Une anomalie générale et deux problèmes de fond
Comme le faisait remarquer Jean-Marc Daniel, X-ENSAE, professeur à ESCP-Europe, globalement, les comptes extérieurs de la Zone euro sont excédentaires. Ce qui signifie que tous ensemble nous vendons plus de biens et services que nous n’en achetons en dehors de nos frontières élargies. Jean-Marc Daniel jugeait donc le niveau actuel de l’euro « bizarre ».
En effet, dans un monde « normal » (si tant est que cette expression ait un sens en économie en ces temps de politiques monétaires « non conventionnelles »…), cette situation d’excédent commercial devrait pousser l’euro à s’apprécier.

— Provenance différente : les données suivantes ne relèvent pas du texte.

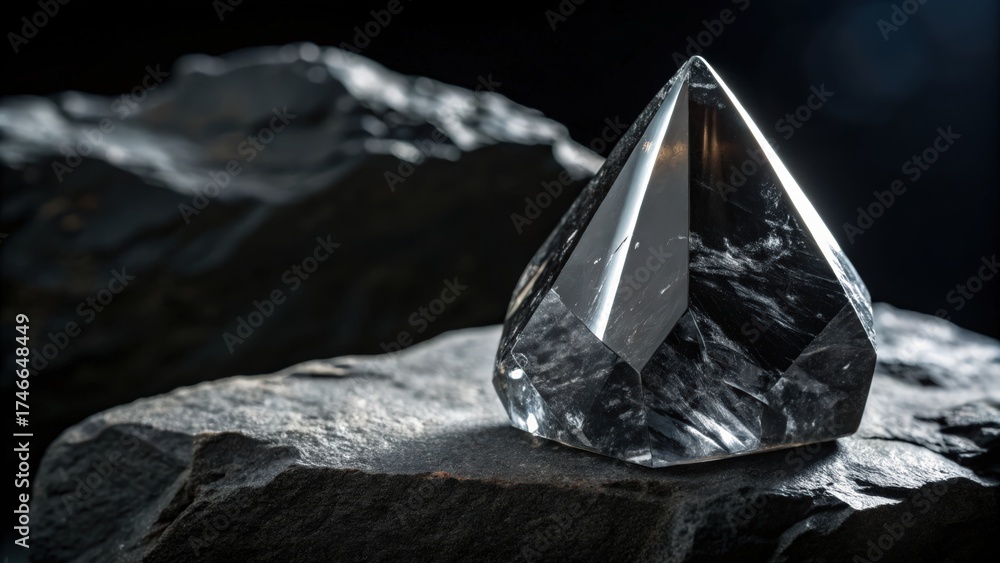 Obraz premium Crystal prism on textured stones with dramatic lighting for artistic displays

Mais France et Italie continuent à importer plus qu’elles n’exportent, tandis que l’industrie allemande exporte de plus en plus, bénéficiant d’un euro trop faible pour elle, contrairement aux deux premiers cités.
L’Allemagne, du fait de sa démographie vieillissante, a surtout besoin de se créer des revenus en dehors de ses frontières pour financer les retraites de ses seniors. Avoir chez elle des usines qui tournent à plein régime alors que la main-d’oeuvre domestique manque n’est peut-être pas la meilleure solution.

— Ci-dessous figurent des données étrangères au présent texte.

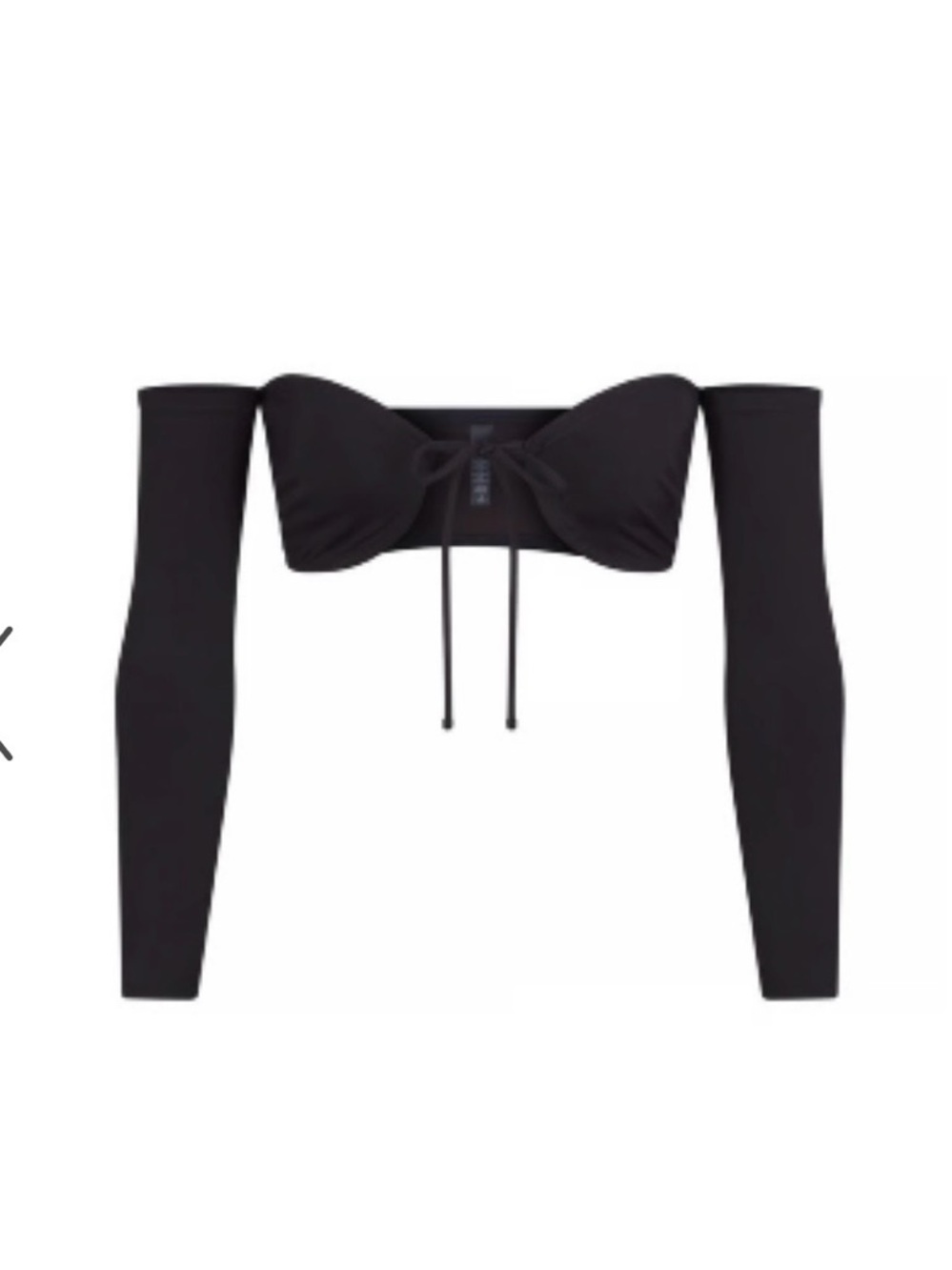 SKIMS Recycled Swim Long Sleeve Bikini Top in Onyx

Enfin, la situation financière de certains membres, comme celle de la Grèce, malgré les plans d’aide à répétition, mais aussi celle de l’Italie, troisième puissance économique de la Zone euro, reste préoccupante.
Comme Alain Madelin, ancien ministre, le rappelait encore récemment, la crise de l’euro « n’est pas derrière nous mais devant nous ».

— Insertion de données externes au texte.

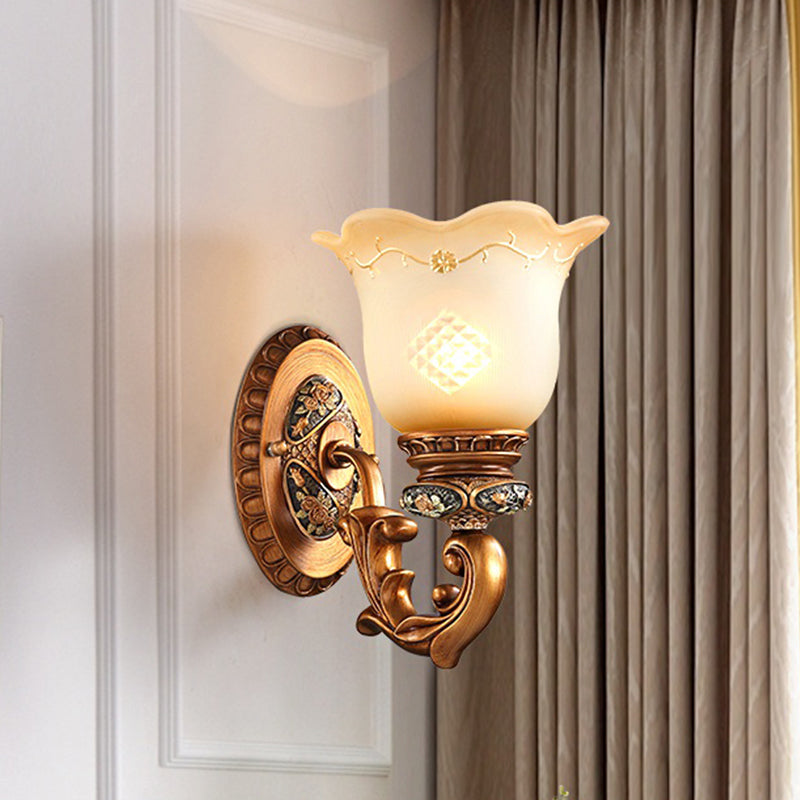 Scalloped-Edge Bedroom Wall Light Kit Traditional Cream Glass 1-Light Brass Wall Sconce Brass Clearhalo 'Wall Lamps & Sconces' 'Wall Lights' Lighting' 1400320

Christian Saint-Etienne envisage deux scénarios principaux.
Le coût d’une sortie de l’euro pour les pays du sud serait astronomique
Dans un premier scénario, les pays les mieux gérés économiquement (pour l’essentiel, ceux du nord de l’Europe) sortiraient de la Zone euro, laissant ceux du sud (dont la France) conserver l’euro. En effet, pour ces pays surendettés, une sortie de la Zone euro ferait exploser leur passif qui deviendrait alors libellé dans une devise « étrangère ».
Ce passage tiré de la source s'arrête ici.